The task - Don't include any picture when you restate the data word for word.

Given data -
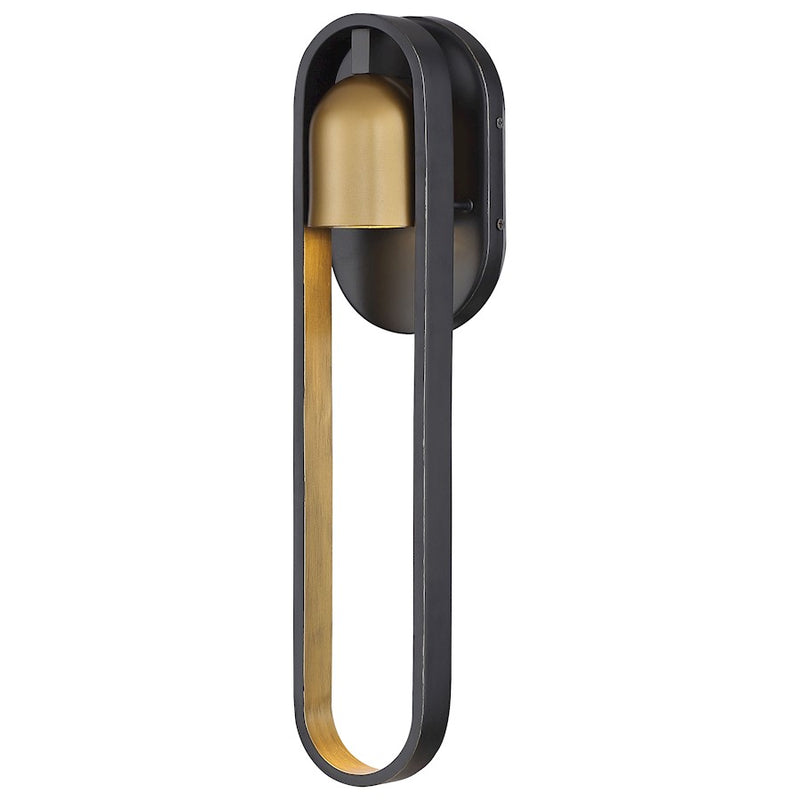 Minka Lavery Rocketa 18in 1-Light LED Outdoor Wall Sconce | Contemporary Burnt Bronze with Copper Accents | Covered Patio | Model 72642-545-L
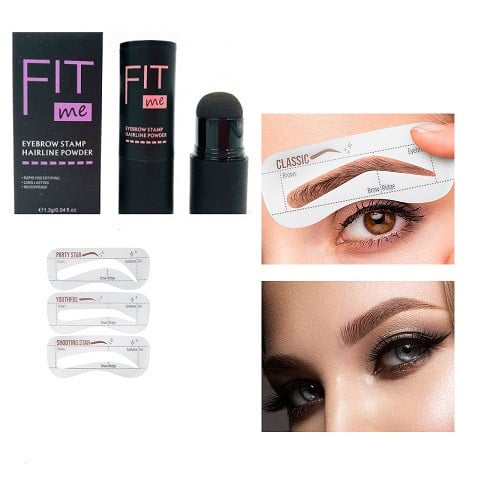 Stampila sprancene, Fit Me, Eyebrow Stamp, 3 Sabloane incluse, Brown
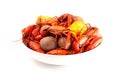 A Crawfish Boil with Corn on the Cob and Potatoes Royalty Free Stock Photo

Response area -
 Minka Lavery Rocketa 18in 1-Light LED Outdoor Wall Sconce | Contemporary Burnt Bronze with Copper Accents | Covered Patio | Model 72642-545-L
 Stampila sprancene, Fit Me, Eyebrow Stamp, 3 Sabloane incluse, Brown
 A Crawfish Boil with Corn on the Cob and Potatoes Royalty Free Stock Photo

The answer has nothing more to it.